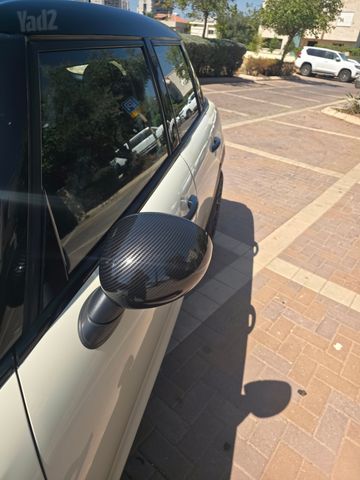 מיני קופר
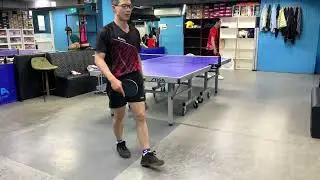 1141123 1400分以上組 冠亞軍賽 陳泰廷 對 謝顏輿 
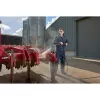 Bosch GHP 5-55 Professional myjka ciśnieniowa Pionowa Elektryczna 520, 500 2200 W
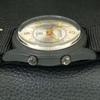 REFURBISHED VINTAGE LEGEND HAND-WINDING SWISS MENS ALARM WATCH A707527-1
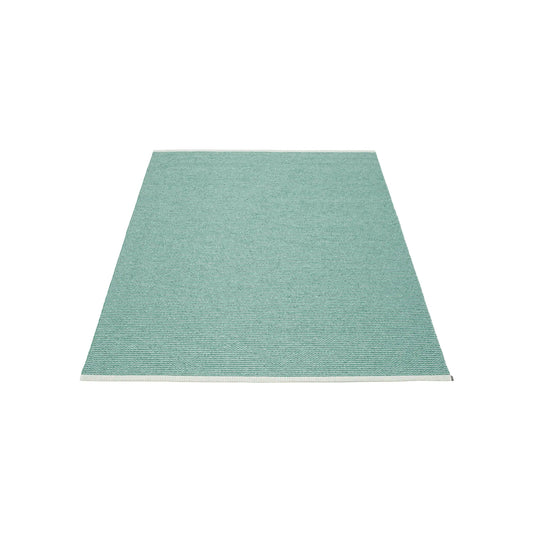 Pappelina Mono Matta 230x320 cm, Jade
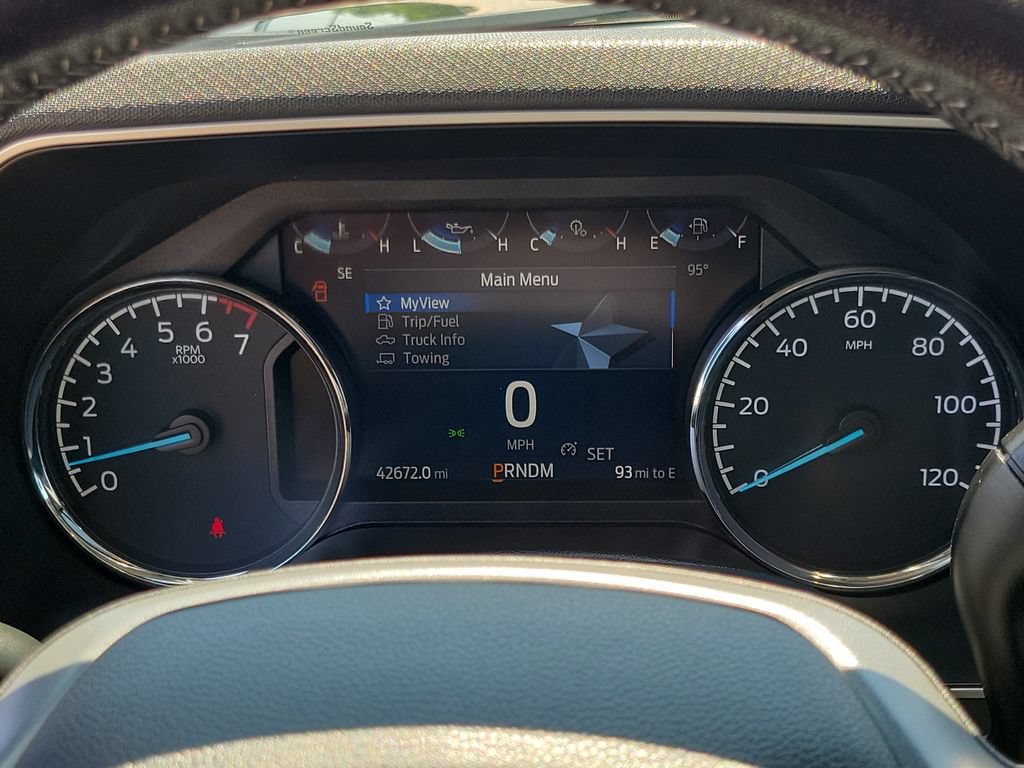 Certified 2022 Ford F150 XLT w/ Equipment Group 302A High AWD/4WD image 26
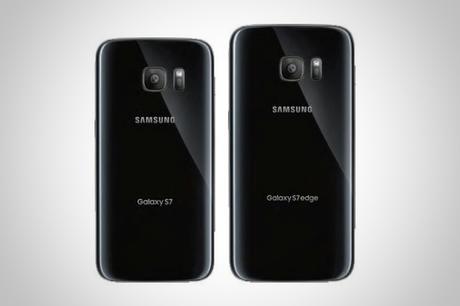 Últimos renders filtrados muestran al Galaxy S7 de espaldas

------------------------------

Work task
Retype the line containing "1141123 1400分以上組 冠亞軍賽 陳泰廷 對 謝顏輿" and all lines after it through the end of the material, exactly and only those, leaving out pictures.

Output below
 1141123 1400分以上組 冠亞軍賽 陳泰廷 對 謝顏輿 
 Bosch GHP 5-55 Professional myjka ciśnieniowa Pionowa Elektryczna 520, 500 2200 W
 REFURBISHED VINTAGE LEGEND HAND-WINDING SWISS MENS ALARM WATCH A707527-1
 Pappelina Mono Matta 230x320 cm, Jade
 Certified 2022 Ford F150 XLT w/ Equipment Group 302A High AWD/4WD image 26
 Últimos renders filtrados muestran al Galaxy S7 de espaldas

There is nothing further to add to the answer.